**EXERCISE DETAILS:**
If a line below falls between the line with "the difference! 💙" and the line with "Original Floyd Mayweather", or is one of those two, output it exactly; output nothing else and no pictures.

**Short descriptive text snippets:**
[Start of Attachment]

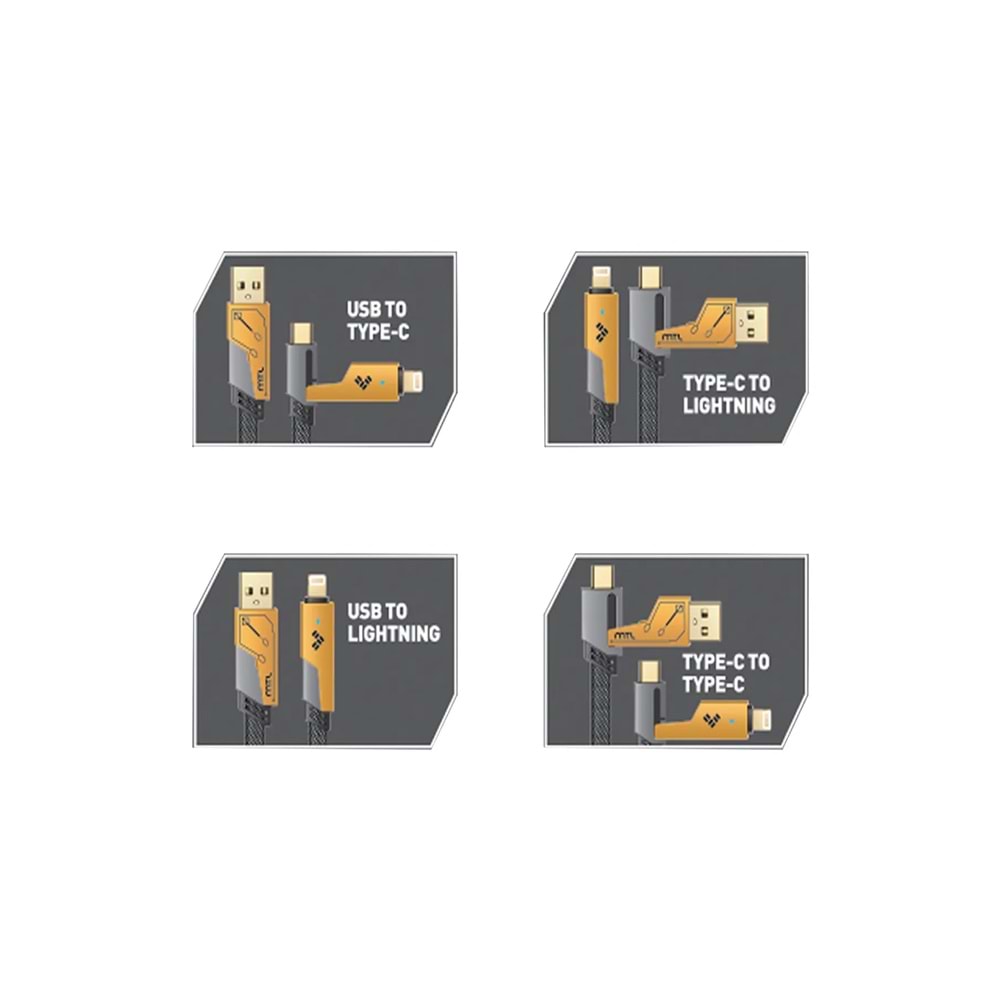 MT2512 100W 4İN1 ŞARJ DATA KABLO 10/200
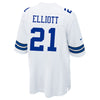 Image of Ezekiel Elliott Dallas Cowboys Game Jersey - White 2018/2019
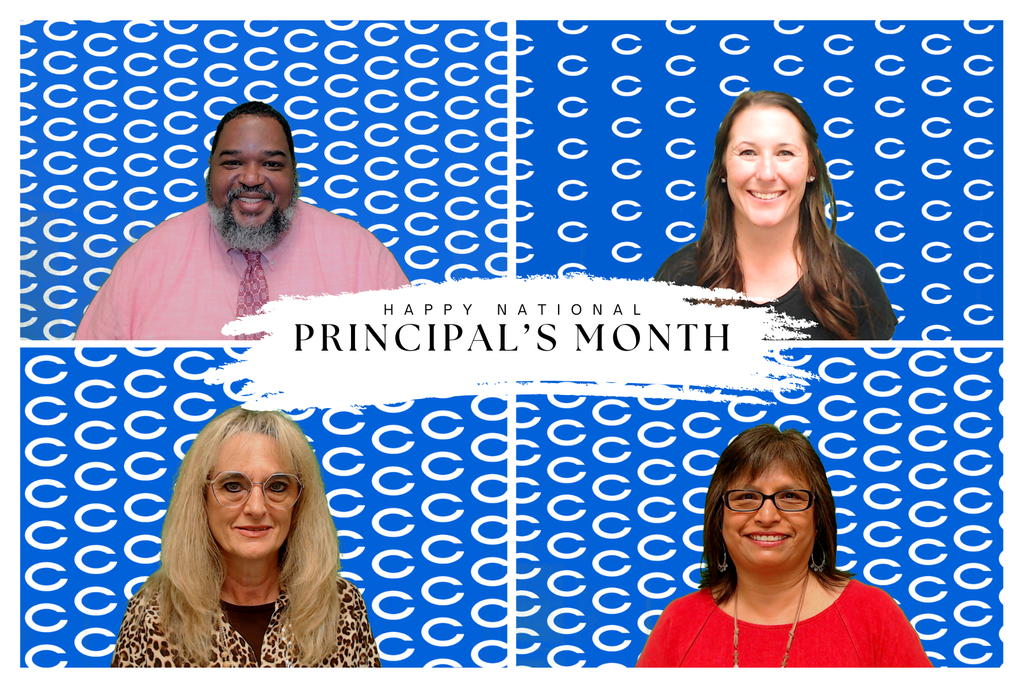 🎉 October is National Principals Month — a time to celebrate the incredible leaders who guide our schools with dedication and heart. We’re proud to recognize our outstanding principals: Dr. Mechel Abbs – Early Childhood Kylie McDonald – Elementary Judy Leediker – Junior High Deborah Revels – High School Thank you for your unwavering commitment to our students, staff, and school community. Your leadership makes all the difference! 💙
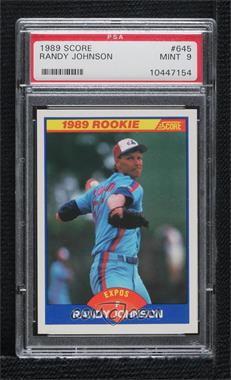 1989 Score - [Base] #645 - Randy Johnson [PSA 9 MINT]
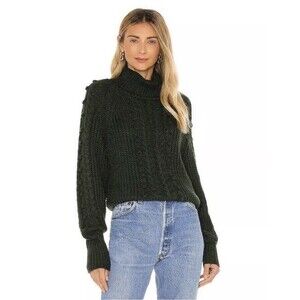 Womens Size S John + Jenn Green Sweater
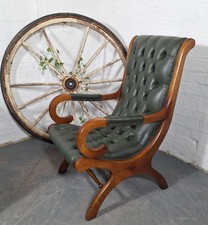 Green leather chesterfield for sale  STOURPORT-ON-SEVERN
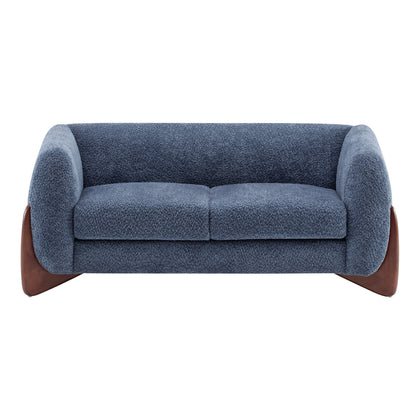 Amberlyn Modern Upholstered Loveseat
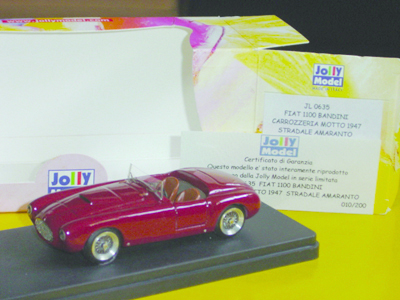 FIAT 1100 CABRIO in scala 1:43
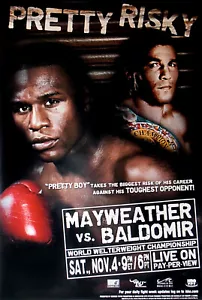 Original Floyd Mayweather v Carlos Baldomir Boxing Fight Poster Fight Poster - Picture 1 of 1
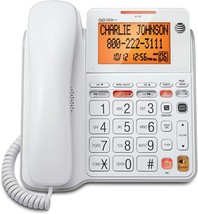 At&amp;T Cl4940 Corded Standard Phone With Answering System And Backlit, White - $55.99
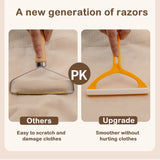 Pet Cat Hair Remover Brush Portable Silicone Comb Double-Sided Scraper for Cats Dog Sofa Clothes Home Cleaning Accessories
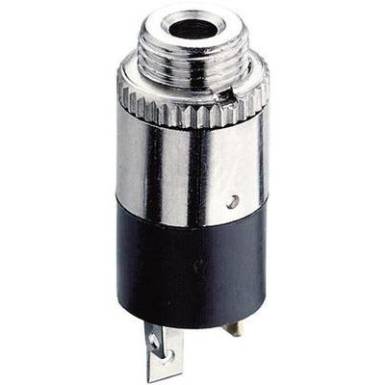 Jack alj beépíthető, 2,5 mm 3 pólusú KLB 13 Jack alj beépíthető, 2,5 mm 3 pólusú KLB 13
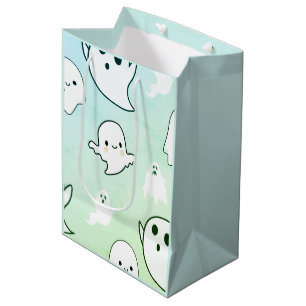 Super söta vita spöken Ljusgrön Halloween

[End of Attachment]

**OUTPUT FOR THIS TASK:**
 🎉 October is National Principals Month — a time to celebrate the incredible leaders who guide our schools with dedication and heart. We’re proud to recognize our outstanding principals: Dr. Mechel Abbs – Early Childhood Kylie McDonald – Elementary Judy Leediker – Junior High Deborah Revels – High School Thank you for your unwavering commitment to our students, staff, and school community. Your leadership makes all the difference! 💙
 1989 Score - [Base] #645 - Randy Johnson [PSA 9 MINT]
 Womens Size S John + Jenn Green Sweater
 Green leather chesterfield for sale  STOURPORT-ON-SEVERN
 Amberlyn Modern Upholstered Loveseat
 FIAT 1100 CABRIO in scala 1:43
 Original Floyd Mayweather v Carlos Baldomir Boxing Fight Poster Fight Poster - Picture 1 of 1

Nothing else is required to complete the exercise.